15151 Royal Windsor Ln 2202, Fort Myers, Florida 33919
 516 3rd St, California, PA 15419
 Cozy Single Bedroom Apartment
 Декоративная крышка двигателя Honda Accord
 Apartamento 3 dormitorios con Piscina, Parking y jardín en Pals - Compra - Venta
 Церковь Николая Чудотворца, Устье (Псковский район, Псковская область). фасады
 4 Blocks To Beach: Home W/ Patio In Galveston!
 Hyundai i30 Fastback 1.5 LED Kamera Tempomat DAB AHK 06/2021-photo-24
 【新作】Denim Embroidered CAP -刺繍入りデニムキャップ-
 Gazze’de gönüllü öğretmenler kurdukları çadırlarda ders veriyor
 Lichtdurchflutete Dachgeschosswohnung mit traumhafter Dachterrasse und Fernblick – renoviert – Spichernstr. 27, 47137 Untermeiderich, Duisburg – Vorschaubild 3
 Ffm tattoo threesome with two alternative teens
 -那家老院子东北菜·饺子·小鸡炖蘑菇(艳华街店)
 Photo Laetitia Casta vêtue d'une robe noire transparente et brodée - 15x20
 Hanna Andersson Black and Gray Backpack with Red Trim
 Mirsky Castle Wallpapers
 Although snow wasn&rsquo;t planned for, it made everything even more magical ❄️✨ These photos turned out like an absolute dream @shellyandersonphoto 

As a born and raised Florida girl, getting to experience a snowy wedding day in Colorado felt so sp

- What to work on: Return each line of the data where the word "Florida" appears.

- Exercise solution:
15151 Royal Windsor Ln 2202, Fort Myers, Florida 33919
As a born and raised Florida girl, getting to experience a snowy wedding day in Colorado felt so sp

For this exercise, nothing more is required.